To test whether the method of targeted insertion described above can be applied to other chromosomal locations, and to assess the frequency of insertion of the donor DNA, we performed an additional round of co-bombardment experiment at a different target site, Target C. In this experiment, we cultivated each callus separately to prevent clonal propagation. We generated a CRISPR plasmid pCam1300-CRISPR-C and a donor plasmid pAcc-C (Supplementary Fig. 9 and Supplementary Data 3) and delivered them to rice calli as described in Fig. 1c. We regenerated 16 independent T0 events transformed with the CRISPR plasmid and found that one event, T0 plant #6, carries the insertion of the carotenoid cassette at Target C (based on PCR genotyping and Sanger sequencing of the PCR products (Supplementary Fig. 10)). The insertion occurred through non-homologous end joining, similar to the insertion at Target B observed for T0 plant #48 (Fig. 2b). The overall insertion frequency is 1/16 (6.25%), which represents the number of plants with the on-target insertion of the cassette divided by the total number of transgenic T0 plants carrying the Cas9-gRNA module.

Discussion

Conventional plant genetic engineering methods rely on the insertion of genes encoding desirable agronomic traits at random positions in the genome. This approach can sometimes lead to decreased yields. For example, within GR2-R, one of the independently transformed GR2 events, the GR2 cassette was inserted in the first exon of OsAux1, which encodes an auxin transporter essential for plant growth49. Homozygous disruption of OsAux1 by the GR2 cassette in GR2-R causes severe developmental defects and a heavy penalty in yield49. Events like this may potentially be reduced with prior knowledge of GSHs within a given genome, and the availability of a reliable tool to insert desired genes at these sites. In this study, we demonstrate the feasibility of this strategy by performing targeted insertion of a carotenoid cassette (consisting of two transcription units) at two separate GSHs in rice. This approach could potentially be applied to any crop species with an established transformation protocol, thus offering a promising tool for plant research and for the genetic improvement of crop plants.

A GSH should accommodate transgene without incurring any undesired trait in the resulting transgenic plant. We based our selection of GSHs in rice on the absence of effects on morphology incurred by mutations at these sites in a rice mutant collection25,26. One limitation of this approach is that these selection criteria do not consider the expression level of the transgenes inserted at these sites. To identify GSHs that express transgenes at desired levels, a population of independent transgenic events, each carrying a reporter gene (such as GFP) at a distinct insertion site, can be generated and screened. The homozygous transgenic lines expressing the reporter gene without exhibiting unfavorable agronomic traits carry the reproter gene insert at GSHs. Such a screen would also advance our knowledge of the effects of a particular genomic position on gene expression.

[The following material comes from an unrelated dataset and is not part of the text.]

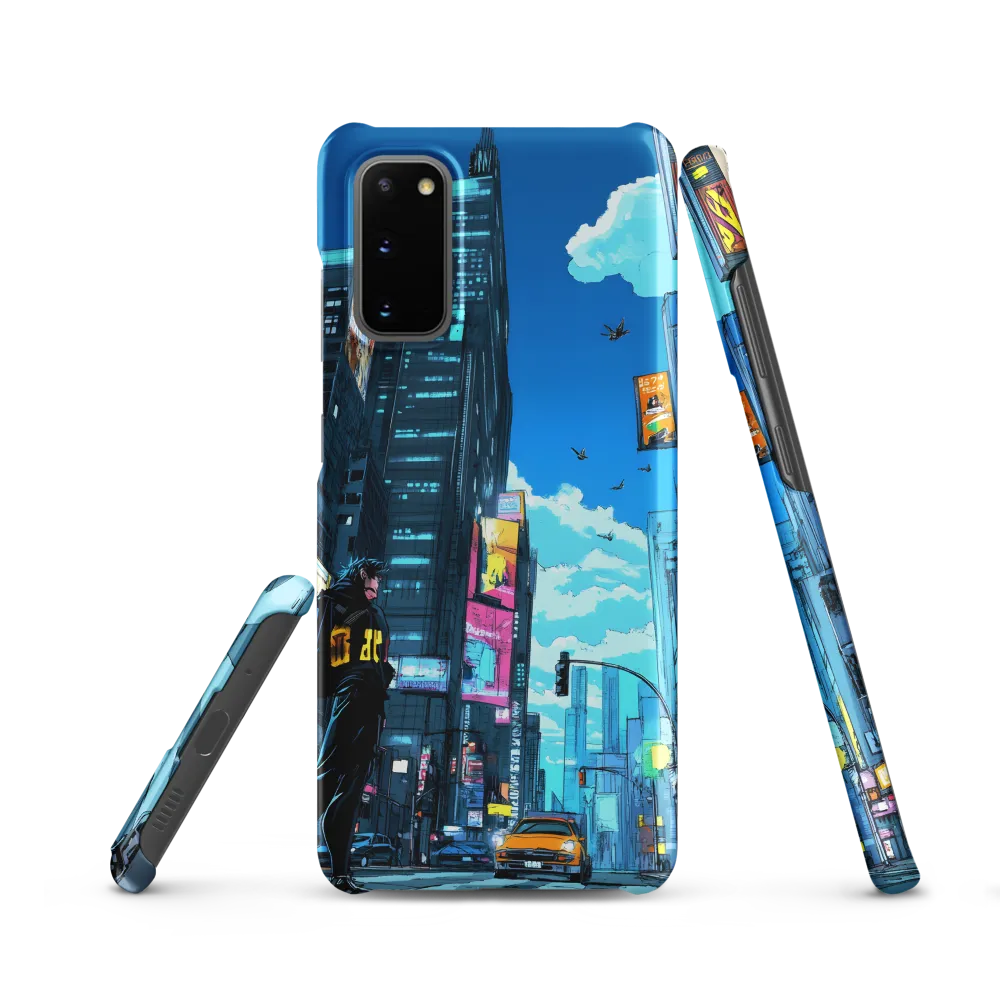 Urban Pulse: City Vibes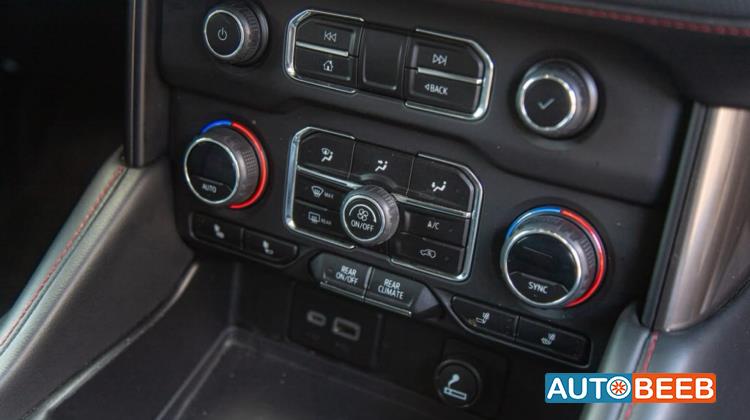 Chevrolet Tahoe 2023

For optimal genetic improvement, it is often desirable to combine multiple transgenes located at different loci to achieve heritable stacked traits in a specific cultivar50. Although the advent of marker-assisted selection has improved the accuracy and efficiency of the breeding process, stacking transgenes by conventional breeding remains challenging because traits at different loci segregate independently in the progeny51. In contrast, with targeted gene insertion as reported in this study, genes encoding multiple traits genes can be stacked at a single genetic locus, which would simplify the downstream breeding efforts.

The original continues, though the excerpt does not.